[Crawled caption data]
=== Begin Enclosure ===
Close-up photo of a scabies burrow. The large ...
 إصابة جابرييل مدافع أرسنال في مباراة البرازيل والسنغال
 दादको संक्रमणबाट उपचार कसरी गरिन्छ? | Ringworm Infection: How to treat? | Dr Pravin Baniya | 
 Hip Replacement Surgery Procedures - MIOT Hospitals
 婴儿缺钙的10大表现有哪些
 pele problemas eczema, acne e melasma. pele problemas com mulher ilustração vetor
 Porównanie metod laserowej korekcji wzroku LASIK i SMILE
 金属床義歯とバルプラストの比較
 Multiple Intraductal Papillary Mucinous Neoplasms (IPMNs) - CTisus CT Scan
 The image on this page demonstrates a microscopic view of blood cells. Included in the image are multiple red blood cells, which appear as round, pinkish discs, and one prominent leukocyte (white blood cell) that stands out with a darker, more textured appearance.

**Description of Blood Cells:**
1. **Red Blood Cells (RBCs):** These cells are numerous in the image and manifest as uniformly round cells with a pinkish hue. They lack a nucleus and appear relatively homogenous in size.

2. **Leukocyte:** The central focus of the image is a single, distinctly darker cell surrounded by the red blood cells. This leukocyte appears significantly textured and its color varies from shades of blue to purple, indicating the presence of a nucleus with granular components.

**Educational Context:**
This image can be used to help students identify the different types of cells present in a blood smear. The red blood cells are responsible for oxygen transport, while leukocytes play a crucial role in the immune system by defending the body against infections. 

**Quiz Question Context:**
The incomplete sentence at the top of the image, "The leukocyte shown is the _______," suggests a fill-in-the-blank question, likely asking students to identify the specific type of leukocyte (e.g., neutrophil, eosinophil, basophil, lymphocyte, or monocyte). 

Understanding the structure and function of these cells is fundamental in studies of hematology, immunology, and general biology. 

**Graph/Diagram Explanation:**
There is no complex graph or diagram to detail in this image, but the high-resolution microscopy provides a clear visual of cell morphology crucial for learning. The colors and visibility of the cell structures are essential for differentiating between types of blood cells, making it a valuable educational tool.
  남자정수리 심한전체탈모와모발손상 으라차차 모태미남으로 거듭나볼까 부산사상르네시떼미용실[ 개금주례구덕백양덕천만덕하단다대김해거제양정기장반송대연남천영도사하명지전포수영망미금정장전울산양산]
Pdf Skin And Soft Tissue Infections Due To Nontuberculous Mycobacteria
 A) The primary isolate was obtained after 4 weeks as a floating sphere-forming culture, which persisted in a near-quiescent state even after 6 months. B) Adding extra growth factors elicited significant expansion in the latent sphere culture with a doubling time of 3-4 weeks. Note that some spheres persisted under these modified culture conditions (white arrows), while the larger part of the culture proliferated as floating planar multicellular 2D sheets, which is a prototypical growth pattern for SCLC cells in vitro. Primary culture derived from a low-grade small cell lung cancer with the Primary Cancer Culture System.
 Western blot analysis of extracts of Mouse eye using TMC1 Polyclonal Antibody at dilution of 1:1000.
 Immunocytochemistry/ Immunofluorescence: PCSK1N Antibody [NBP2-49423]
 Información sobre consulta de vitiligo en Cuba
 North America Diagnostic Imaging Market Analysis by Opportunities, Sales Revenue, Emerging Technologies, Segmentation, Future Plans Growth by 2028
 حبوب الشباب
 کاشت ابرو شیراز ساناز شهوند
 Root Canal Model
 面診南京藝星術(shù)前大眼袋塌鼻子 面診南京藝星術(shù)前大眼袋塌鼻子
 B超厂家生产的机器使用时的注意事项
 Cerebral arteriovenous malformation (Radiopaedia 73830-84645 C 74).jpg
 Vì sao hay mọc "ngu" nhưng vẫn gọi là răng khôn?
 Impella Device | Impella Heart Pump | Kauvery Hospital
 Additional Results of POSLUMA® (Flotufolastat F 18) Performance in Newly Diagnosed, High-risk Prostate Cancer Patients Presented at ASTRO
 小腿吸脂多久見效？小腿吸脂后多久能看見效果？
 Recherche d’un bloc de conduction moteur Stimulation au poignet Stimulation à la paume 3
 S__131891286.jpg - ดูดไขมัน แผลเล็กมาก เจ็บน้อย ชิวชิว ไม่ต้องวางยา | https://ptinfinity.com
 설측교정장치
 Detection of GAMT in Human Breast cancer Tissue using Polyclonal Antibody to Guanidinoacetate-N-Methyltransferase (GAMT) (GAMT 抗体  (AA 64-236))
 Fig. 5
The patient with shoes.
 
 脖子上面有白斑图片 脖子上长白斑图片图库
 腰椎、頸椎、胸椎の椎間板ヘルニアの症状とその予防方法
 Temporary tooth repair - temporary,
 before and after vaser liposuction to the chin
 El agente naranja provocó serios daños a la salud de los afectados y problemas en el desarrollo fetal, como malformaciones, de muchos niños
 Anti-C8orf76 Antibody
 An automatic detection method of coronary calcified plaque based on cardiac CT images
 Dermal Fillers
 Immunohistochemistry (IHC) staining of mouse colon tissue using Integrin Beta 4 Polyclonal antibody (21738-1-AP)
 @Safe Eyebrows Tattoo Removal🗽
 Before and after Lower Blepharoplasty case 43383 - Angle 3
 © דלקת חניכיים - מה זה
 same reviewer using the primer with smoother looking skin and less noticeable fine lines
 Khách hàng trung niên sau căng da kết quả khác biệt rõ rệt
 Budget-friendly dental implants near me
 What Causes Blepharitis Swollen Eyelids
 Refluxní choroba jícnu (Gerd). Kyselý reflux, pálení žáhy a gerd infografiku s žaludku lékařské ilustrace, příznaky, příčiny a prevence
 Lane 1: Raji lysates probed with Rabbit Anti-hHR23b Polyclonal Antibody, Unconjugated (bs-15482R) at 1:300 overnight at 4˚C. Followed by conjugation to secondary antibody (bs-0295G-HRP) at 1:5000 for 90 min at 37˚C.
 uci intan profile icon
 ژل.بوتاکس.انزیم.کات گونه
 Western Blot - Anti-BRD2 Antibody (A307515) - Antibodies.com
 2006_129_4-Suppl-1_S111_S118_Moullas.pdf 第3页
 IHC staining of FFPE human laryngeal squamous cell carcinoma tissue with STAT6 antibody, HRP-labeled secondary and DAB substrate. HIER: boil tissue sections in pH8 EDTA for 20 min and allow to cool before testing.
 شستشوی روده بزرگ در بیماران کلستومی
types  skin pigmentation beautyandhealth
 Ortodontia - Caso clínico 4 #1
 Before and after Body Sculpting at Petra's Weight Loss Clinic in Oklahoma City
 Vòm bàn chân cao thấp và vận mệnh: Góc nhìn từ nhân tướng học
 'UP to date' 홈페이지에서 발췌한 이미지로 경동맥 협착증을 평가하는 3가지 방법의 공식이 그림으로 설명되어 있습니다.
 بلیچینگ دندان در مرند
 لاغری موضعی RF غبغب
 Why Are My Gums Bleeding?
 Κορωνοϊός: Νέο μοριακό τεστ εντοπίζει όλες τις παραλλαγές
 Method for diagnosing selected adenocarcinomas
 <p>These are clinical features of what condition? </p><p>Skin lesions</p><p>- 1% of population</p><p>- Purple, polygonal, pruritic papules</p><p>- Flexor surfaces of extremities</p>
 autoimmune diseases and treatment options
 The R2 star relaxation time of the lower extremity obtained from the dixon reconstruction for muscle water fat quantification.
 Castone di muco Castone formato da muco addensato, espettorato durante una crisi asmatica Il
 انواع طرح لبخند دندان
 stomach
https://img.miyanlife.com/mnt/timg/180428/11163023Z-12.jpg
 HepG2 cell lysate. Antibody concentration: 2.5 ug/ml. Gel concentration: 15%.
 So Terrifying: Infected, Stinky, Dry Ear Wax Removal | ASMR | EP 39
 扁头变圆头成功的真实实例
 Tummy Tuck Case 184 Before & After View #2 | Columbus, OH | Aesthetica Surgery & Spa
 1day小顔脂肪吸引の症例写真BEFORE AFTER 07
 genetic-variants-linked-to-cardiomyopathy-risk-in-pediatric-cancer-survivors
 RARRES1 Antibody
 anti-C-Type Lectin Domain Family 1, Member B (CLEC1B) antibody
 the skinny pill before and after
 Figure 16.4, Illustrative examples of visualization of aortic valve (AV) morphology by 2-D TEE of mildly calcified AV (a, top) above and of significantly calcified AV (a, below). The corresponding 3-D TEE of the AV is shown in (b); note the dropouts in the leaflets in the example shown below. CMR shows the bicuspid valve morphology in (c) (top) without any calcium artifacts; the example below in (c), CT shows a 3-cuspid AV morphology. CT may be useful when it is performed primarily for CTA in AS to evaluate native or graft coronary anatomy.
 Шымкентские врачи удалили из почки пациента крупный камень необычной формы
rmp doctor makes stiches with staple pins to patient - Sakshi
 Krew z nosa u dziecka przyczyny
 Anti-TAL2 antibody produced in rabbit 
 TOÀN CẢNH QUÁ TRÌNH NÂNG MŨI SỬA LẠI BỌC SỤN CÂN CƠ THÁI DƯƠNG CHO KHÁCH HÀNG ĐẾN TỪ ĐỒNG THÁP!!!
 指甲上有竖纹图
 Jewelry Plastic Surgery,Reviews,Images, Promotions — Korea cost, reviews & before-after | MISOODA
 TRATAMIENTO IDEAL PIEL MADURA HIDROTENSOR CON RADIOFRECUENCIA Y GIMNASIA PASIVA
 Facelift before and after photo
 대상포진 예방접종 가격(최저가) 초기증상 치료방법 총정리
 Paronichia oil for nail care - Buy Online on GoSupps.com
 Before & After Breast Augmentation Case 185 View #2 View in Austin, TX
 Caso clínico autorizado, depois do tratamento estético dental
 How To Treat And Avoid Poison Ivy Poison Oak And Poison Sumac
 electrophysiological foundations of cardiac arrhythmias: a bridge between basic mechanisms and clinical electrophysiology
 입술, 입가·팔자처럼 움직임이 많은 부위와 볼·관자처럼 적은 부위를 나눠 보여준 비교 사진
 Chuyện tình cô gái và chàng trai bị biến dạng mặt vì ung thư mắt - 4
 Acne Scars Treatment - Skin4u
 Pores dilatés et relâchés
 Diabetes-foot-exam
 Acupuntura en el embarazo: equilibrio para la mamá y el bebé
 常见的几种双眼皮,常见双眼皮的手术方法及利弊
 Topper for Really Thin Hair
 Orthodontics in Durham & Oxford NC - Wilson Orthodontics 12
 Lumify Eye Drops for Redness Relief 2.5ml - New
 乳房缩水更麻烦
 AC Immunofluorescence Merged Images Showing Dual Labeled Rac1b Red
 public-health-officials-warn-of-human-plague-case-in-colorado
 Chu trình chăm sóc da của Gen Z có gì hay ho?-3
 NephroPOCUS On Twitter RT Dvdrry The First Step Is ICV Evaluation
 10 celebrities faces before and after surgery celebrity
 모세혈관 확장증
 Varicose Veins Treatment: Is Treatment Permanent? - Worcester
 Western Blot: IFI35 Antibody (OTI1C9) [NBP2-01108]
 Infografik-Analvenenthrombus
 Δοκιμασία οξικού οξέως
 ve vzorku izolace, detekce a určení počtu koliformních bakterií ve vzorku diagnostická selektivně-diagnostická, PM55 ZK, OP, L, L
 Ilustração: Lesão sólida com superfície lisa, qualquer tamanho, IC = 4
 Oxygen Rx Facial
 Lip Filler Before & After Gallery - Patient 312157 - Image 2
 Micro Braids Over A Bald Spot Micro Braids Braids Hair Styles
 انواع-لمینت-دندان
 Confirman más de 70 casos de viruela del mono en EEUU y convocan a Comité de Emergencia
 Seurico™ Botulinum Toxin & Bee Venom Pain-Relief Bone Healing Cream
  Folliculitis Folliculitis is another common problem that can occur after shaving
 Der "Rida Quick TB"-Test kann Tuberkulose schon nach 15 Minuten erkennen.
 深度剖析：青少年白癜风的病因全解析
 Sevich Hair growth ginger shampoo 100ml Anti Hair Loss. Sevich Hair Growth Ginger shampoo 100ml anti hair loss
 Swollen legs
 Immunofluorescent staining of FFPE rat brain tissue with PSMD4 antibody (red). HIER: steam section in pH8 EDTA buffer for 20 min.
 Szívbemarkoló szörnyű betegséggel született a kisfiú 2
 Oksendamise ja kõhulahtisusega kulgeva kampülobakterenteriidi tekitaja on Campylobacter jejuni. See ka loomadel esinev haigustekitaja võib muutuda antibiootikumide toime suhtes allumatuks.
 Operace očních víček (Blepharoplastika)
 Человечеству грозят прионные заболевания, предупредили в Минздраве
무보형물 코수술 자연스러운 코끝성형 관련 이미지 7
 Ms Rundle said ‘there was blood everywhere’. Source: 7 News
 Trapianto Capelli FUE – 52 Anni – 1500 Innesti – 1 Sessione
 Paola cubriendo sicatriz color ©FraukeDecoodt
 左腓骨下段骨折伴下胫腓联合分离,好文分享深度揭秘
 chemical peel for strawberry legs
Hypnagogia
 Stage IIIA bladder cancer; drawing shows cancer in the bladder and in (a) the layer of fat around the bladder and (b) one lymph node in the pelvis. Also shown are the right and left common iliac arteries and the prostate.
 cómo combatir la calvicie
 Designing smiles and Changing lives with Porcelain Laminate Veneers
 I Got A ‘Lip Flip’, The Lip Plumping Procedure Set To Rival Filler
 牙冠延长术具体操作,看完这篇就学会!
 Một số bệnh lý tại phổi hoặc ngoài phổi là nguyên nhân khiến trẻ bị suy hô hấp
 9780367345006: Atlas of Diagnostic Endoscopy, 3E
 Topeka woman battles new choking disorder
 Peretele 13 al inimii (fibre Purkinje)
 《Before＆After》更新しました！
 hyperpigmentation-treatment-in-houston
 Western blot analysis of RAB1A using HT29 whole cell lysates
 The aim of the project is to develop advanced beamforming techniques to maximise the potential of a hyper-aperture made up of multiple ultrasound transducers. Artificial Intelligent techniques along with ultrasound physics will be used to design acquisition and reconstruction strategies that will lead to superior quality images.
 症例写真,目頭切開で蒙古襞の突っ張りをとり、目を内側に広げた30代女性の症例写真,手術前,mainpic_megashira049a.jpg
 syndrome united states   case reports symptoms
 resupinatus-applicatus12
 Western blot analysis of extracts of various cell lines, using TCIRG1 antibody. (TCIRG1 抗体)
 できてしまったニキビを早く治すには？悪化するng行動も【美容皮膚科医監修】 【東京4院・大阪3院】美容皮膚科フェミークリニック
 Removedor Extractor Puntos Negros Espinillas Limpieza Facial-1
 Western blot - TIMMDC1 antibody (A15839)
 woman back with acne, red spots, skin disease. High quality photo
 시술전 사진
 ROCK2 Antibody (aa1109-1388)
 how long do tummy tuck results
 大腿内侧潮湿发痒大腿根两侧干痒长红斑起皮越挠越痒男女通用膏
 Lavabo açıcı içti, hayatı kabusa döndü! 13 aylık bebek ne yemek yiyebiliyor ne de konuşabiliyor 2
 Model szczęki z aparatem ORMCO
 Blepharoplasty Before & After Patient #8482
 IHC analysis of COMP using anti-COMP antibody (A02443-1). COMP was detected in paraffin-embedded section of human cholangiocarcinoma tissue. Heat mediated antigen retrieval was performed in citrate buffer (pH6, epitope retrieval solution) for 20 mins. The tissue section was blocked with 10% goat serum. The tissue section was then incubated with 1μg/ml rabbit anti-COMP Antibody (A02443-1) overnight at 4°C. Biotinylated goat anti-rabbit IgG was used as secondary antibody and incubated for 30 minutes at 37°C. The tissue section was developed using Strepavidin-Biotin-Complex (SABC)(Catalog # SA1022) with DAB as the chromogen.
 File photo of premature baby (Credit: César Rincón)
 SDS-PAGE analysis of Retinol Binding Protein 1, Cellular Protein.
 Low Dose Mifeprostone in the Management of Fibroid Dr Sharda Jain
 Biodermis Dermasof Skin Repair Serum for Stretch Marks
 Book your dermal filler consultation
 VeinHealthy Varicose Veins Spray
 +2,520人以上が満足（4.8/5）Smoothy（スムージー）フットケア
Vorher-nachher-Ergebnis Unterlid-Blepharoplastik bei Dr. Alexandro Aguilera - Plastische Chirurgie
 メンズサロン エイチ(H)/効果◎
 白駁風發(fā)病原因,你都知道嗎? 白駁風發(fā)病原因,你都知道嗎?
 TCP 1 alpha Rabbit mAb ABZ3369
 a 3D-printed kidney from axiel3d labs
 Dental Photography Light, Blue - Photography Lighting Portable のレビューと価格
=== End Enclosure ===
Lines containing "common" in the records above: how many are there? Give only the number.

**Task result**. 2